Orientation
What You'll Master Here
Advanced Python pipelines are not just transforms. They are rerunnable systems that know what they processed, what they wrote, and how to recover safely.
This chapter teaches full refreshes, incremental loads, idempotency, cursors, watermarks, checkpoints, replay windows, partition-aware writes, manifests, backfills, task boundaries, orchestration, retries, and exactly-once language.

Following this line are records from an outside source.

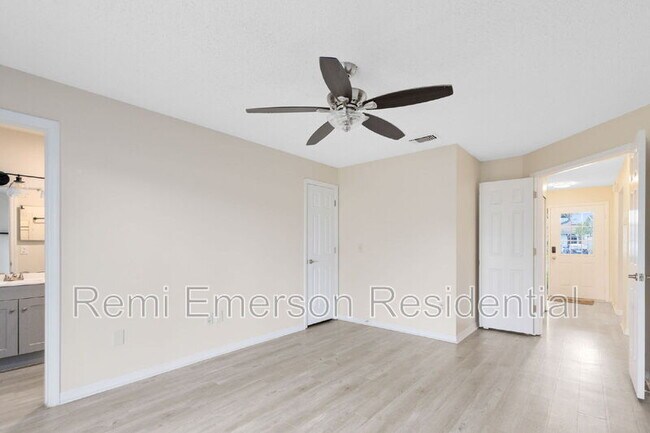 Building Photo - 7951 Merrimac Cove Dr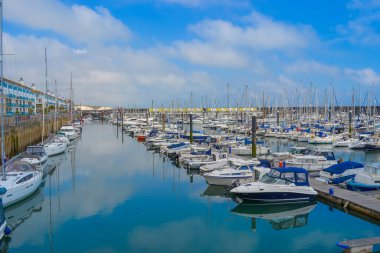 İngiltere, Brighton, 28 / 06 / 2020: Brighton Marina, rıhtımda yelkenlilerin demirlediği yoğun yat limanında merkez konumunda.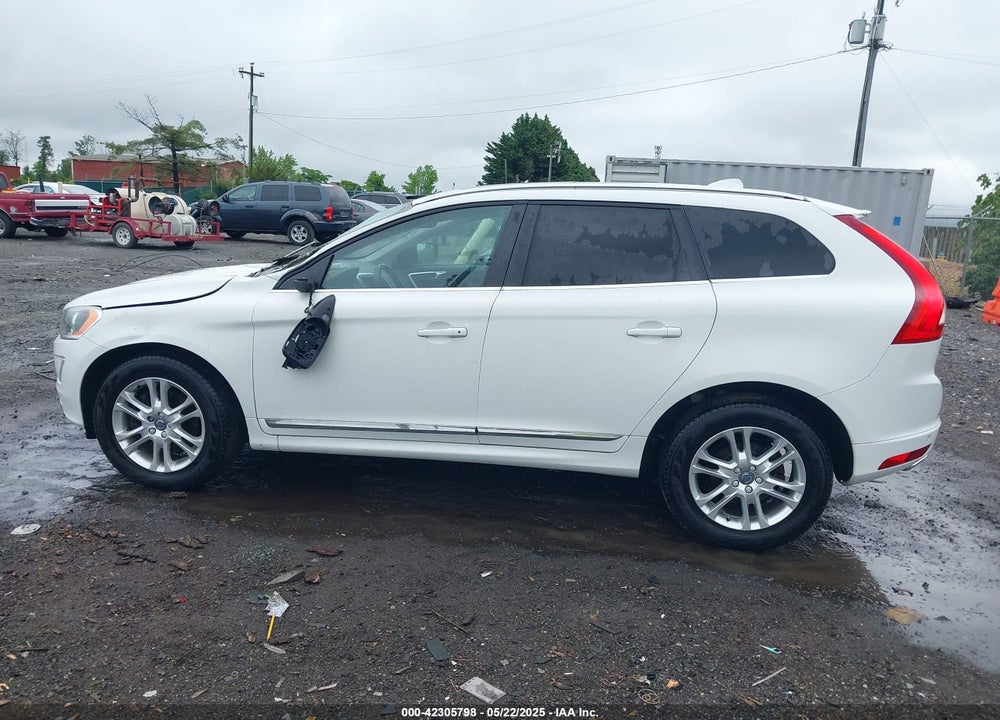 2015 VOLVO XC60 VIN: YV440MDK4F2742688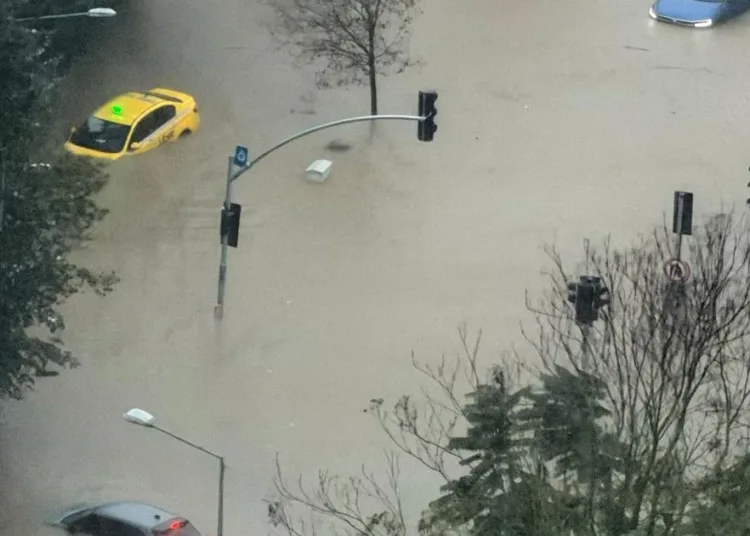 Istanbul floods shut schools 12 - Egyptian Gazette Istanbul floods shut schools 11 - Egyptian Gazette
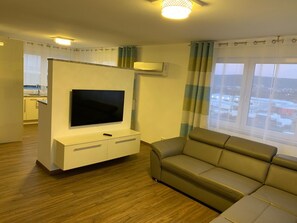 ทีวีจอแบน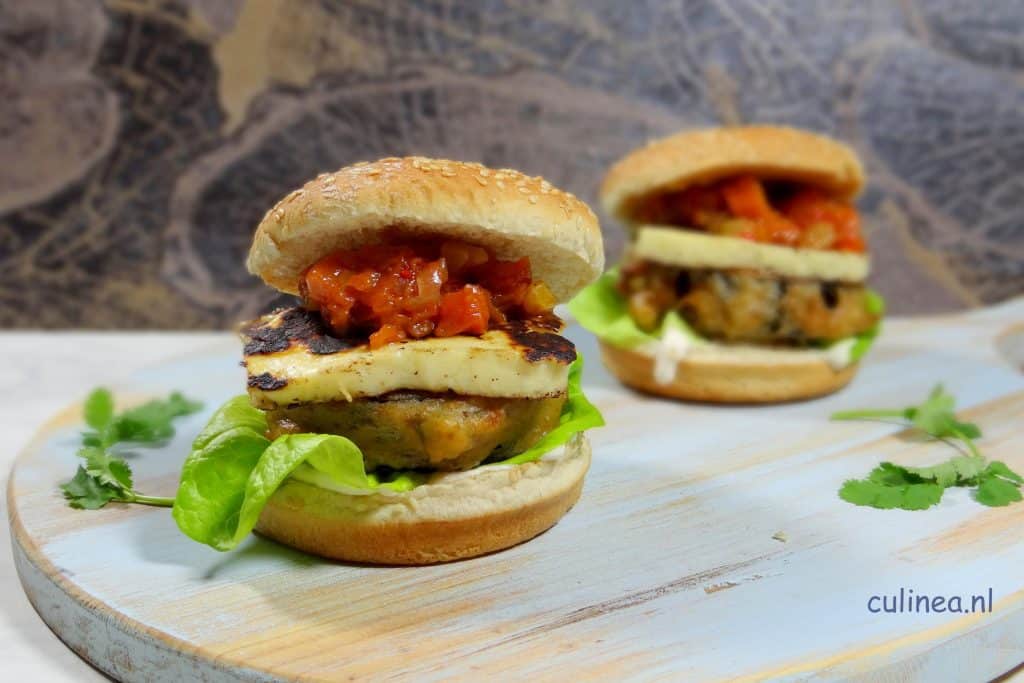 Aubergine halloumi burger met pompoenchutney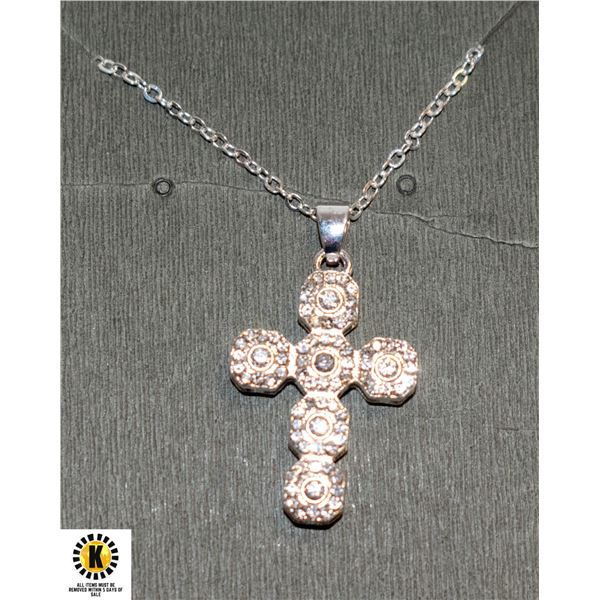 50 CM NECKLACE WITH CLEAR ACCENTS ON CROSS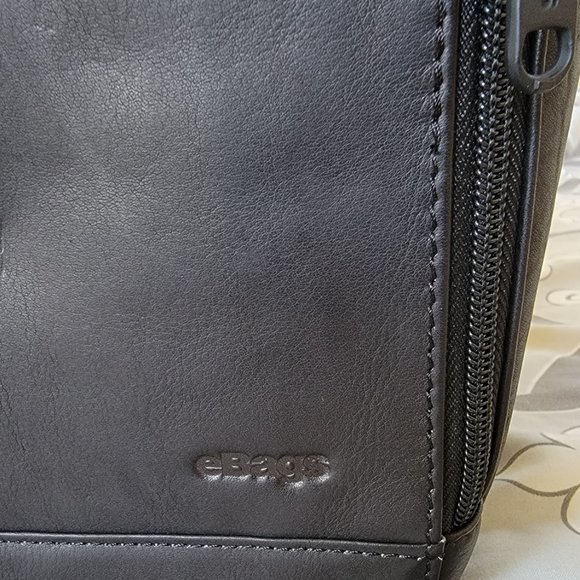 NWT eBags Professional Slim Jr Blk Lthr Backpack - Picture 2 of 12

The goal is clean operational behavior: the same input produces the same final output, retries do not duplicate data, and every run leaves evidence.
Why data engineers care
Most production pipeline incidents come from reruns, late data, partial writes, or unclear ownership between tasks.
Core mental model
A pipeline is a sequence of committed boundaries, not one long script.
| task | input | output |
|---|---|---|
| extract | cursor window | raw landing file |
| validate | raw file | accepted/rejected + manifest |
| transform | accepted rows | curated partition |
| reconcile | curated partition | audit receipt |
- idempotent
- Safe to run again with the same input without duplicating or corrupting output.
- watermark
- A committed high-water mark that defines what the pipeline has safely processed.
- replay window
- A lookback range reprocessed to catch late or corrected records.
- task boundary
- A unit of work with explicit inputs, outputs, retries, and evidence.
Common mistake
Treating reruns as an afterthought.
A normal retry can create duplicate files, duplicate rows, or inconsistent partitions.
Better habit
- Write deterministic output paths.
- Commit watermarks only after successful writes.
- Store manifests for every run.
Say: I would design this to be idempotent, commit watermarks after output validation, and replay a bounded window for late data.
Practice prompts
- Define idempotency for a daily partition writer.
- Name the evidence needed before advancing a watermark.
Remember this
Reliable pipelines are designed around reruns.